### [Work required]
Output must consist only of the lines of the material below from the one with "Honeyhandy Assembled Synthetic" through the one with "Adquira seu ingresso", each reproduced exactly; no pictures belong in it.

### [Extracted information]
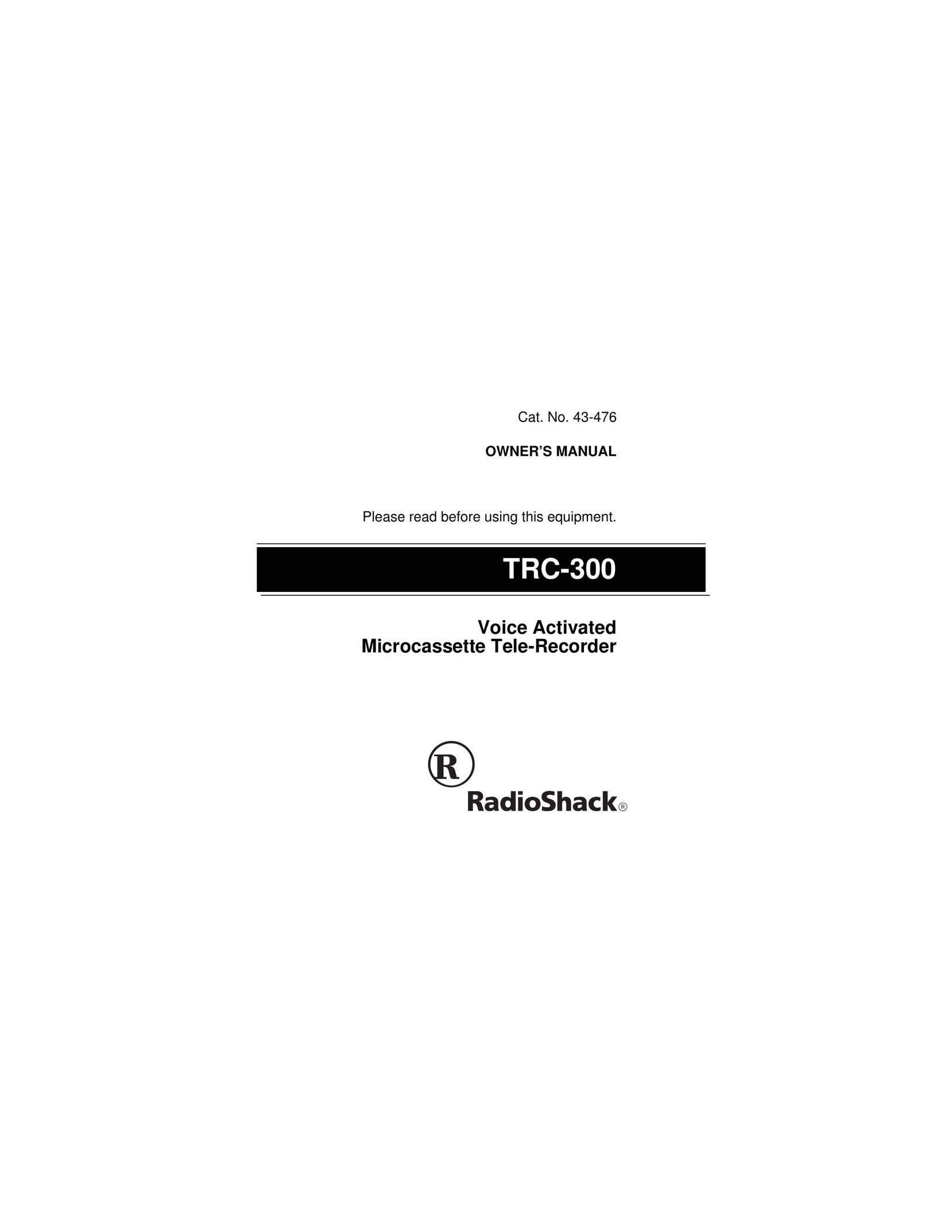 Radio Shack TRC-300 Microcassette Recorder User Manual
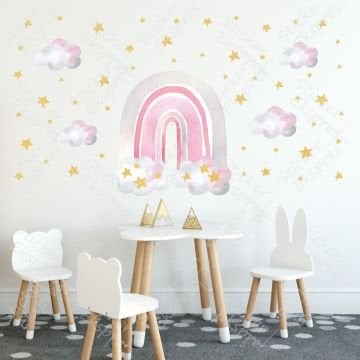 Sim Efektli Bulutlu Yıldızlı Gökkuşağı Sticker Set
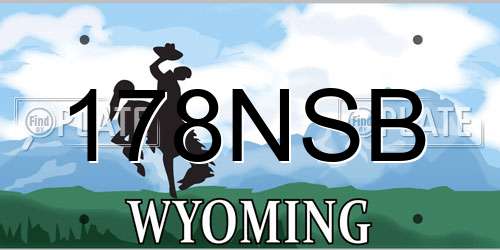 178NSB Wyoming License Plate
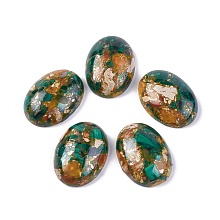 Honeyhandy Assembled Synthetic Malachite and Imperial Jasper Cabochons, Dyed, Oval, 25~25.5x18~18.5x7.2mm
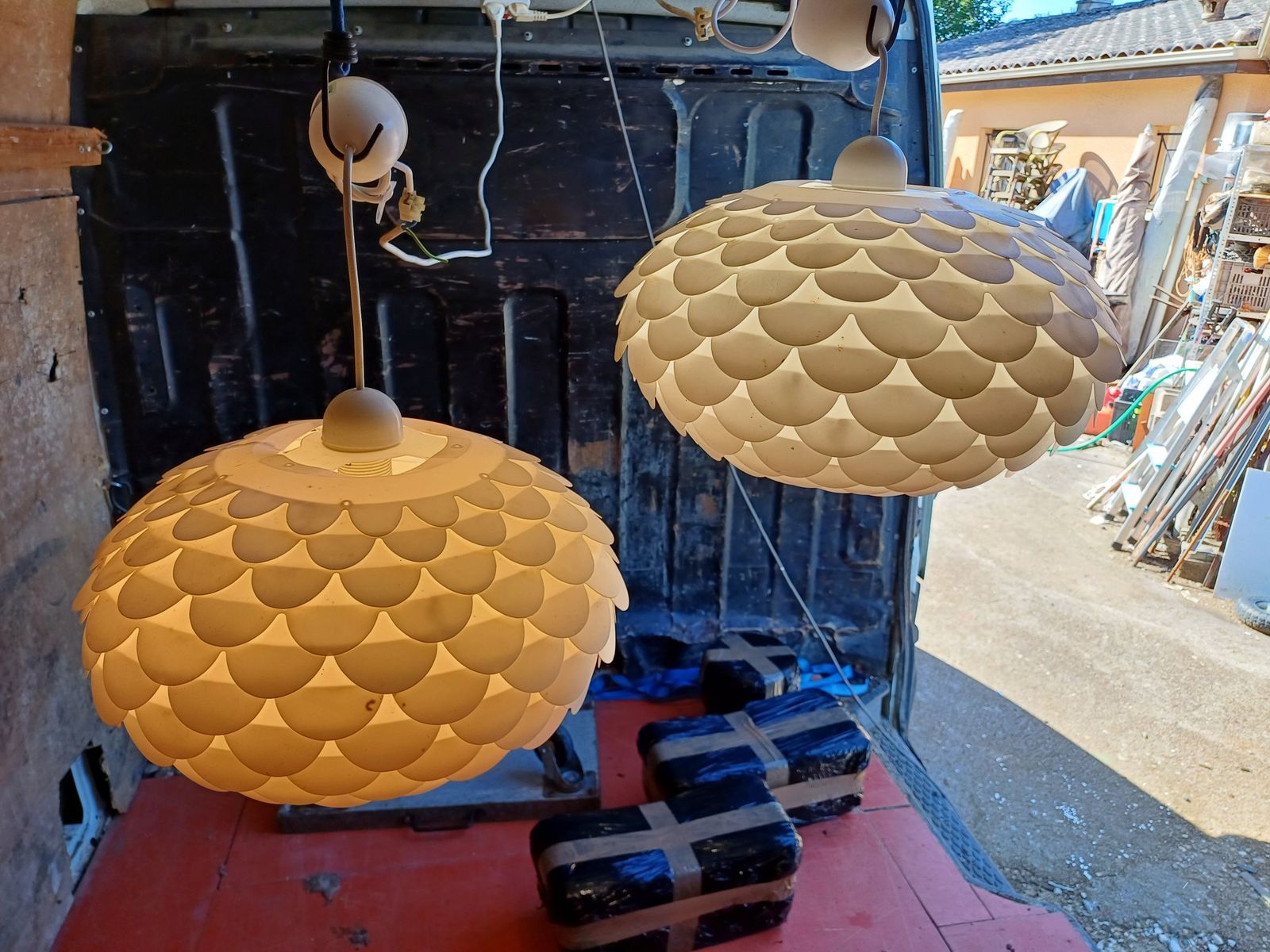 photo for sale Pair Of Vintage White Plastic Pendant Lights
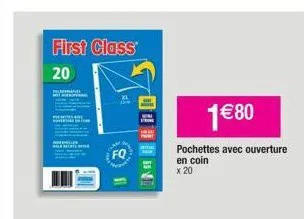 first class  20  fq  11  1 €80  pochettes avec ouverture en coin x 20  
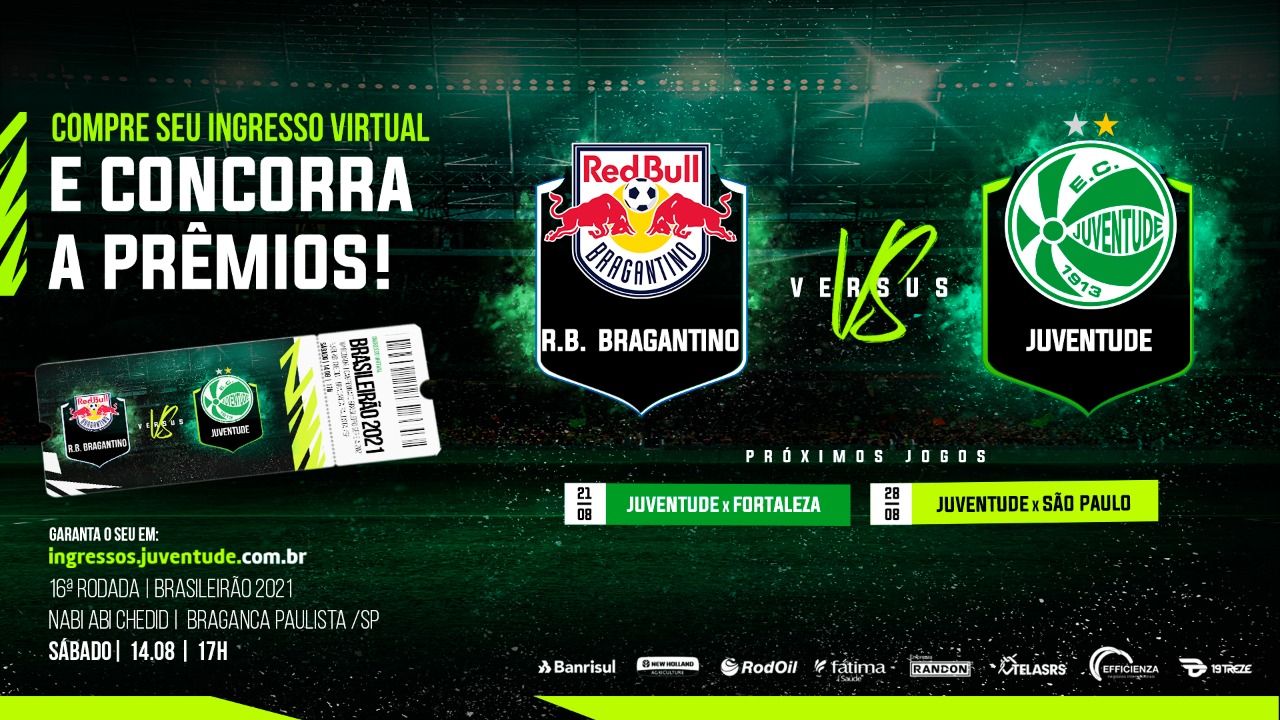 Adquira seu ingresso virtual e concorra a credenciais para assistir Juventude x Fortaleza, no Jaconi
* * *
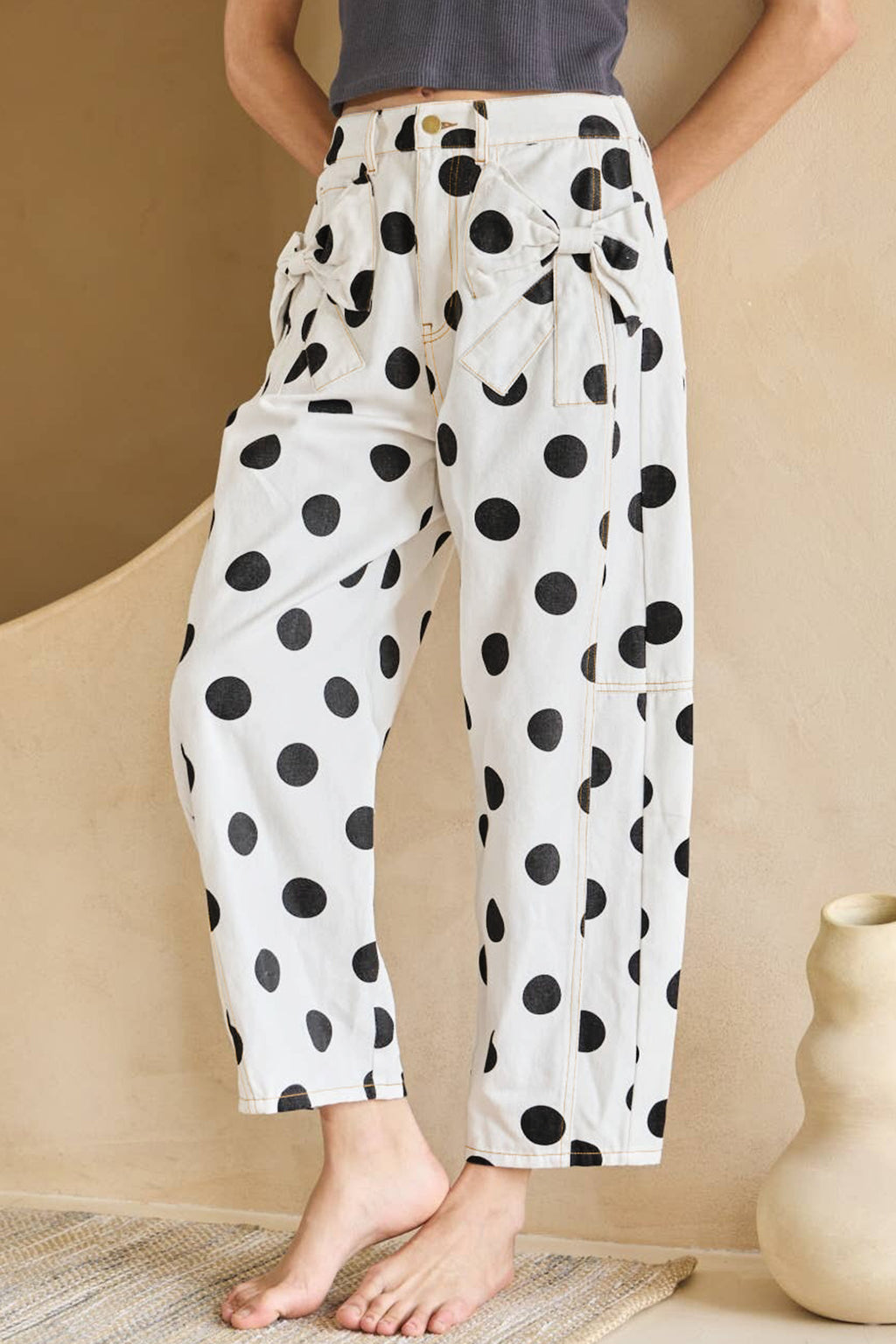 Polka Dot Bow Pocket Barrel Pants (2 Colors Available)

### [Task answer]
 Honeyhandy Assembled Synthetic Malachite and Imperial Jasper Cabochons, Dyed, Oval, 25~25.5x18~18.5x7.2mm
 photo for sale Pair Of Vintage White Plastic Pendant Lights
 first class  20  fq  11  1 €80  pochettes avec ouverture en coin x 20  
 Adquira seu ingresso virtual e concorra a credenciais para assistir Juventude x Fortaleza, no Jaconi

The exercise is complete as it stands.